SAKEROCKのリーダーであるかれのソロであるが、すばらしいシンガーソングライターのアルバムになっている。
なにしろかれの声である。声だけでなく曲や歌詞や演奏まで含めてそうだが、それはかれがもともと持っていたというよりは、むしろ年輪のように積み重ねてきた枯れた味わいのようにかんじられて、わたしにはその重みが心地いいのだ。スッと寄り添うように入ってくる。わたしも年をとった。こんなうたを受け止めれることに、すなおにいいとおもえることに、心の底からうれしくおもってしまう。

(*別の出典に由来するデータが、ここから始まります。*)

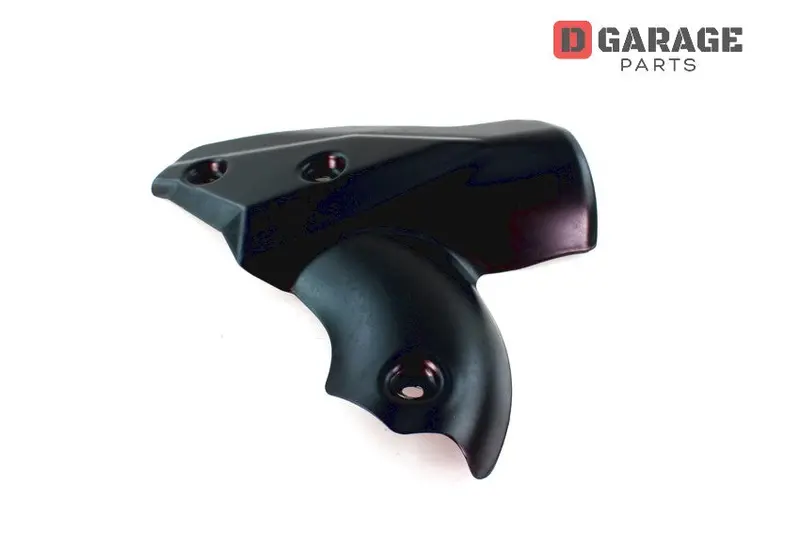 Protezione Paracalore Destro Ducati Streetfighter 848 1098 1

特別なことはうたってない。内容もきわめて日常的なことだ。しかしどこの世界の表現者でも誰しもが気づくことだろうが、日常的なことを、誰も知らないやり方で表現することこそがもっともむずかしいことなのだ。なぜなら自分のリアルな日常は、まさに自分自身しか知らないことであり、しかしそれを自分のことばで語るやり方など、どこの本にも書いていない。つまり誰ひとりとして教えてはくれないからだ。唯一方法があるとすれば、正直に嘘偽りない自分自身と向き合うことであり、逃げずにそこで表現を叩きつけることであり、ひたすら自分のバケの皮をはがす作業をつづけるしかない。近道などないのだ。嘘偽りない自分のすがた。ハダカの自分と向き合うことは、それはすごくしんどい作業だ。しかしわたしはおもう。もうそういうところからでしか、ほんとうの表現は生まれないのではないのかと。

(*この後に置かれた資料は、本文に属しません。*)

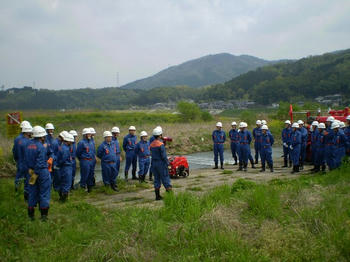 080427-07.JPG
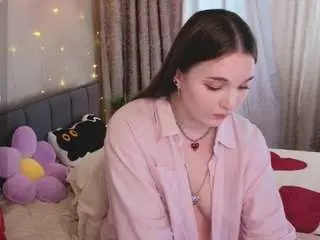Rowenadudley  live sex cam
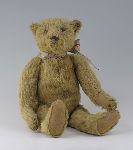 Click for larger picture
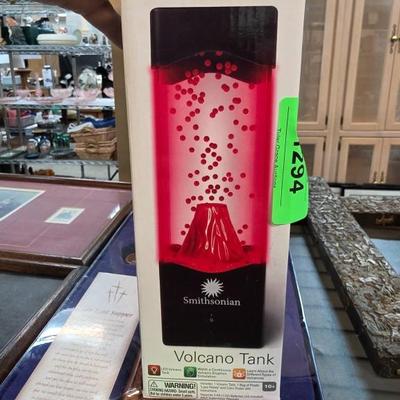 Sale Photo Thumbnail #296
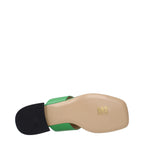 VALENTINO GARAVANI sandalai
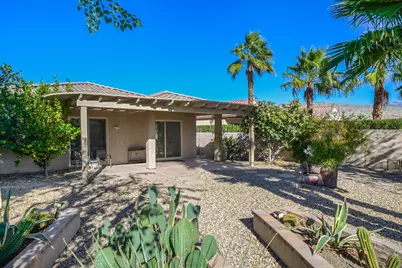 39220 Calle Negrete, Indio, CA 92203 - Photo 39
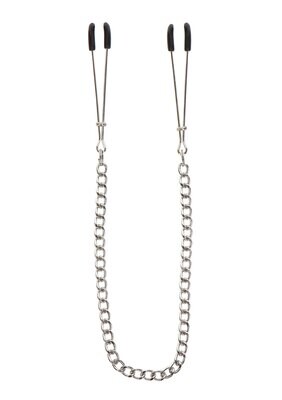 TABOOM Nipple Play - Tepelklemmen met Ketting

最近仕事が忙しくて、疲れすぎて逆に寝れないなんていってたら、ヒーリング音楽なるCDを貸してくれる人がいて、すがるように聴いてみたんだけど、やっぱダメだったよ。きれいすぎるメロディーに、安っぽい壮大さについてけなくて途中で止めたよ。
星野源の音楽はわたしにとって高級な音楽。一日の終わりに聴きたい音楽はわたしにはむしろこういう音楽だ。もうこういう高級な音楽にしか反応できなくなってるのかもしれなけれど。
真夜中。窓から真っ暗やみの夜をながめてたら、とたんに夜のはしっこから落っこちそうになって、あわてて寝床にかえってフトンをかぶった。はやく眠りが固まるように、ゆっくりゆっくり、何度も呼吸をくり返すしかないんだ。
”さびしいと叫ぶには僕はあまりにくだらない”
こんなやさしいフレーズに、グッとうたれてしまうのは、なぜなら、他ならぬわたしもそういう人間だからです。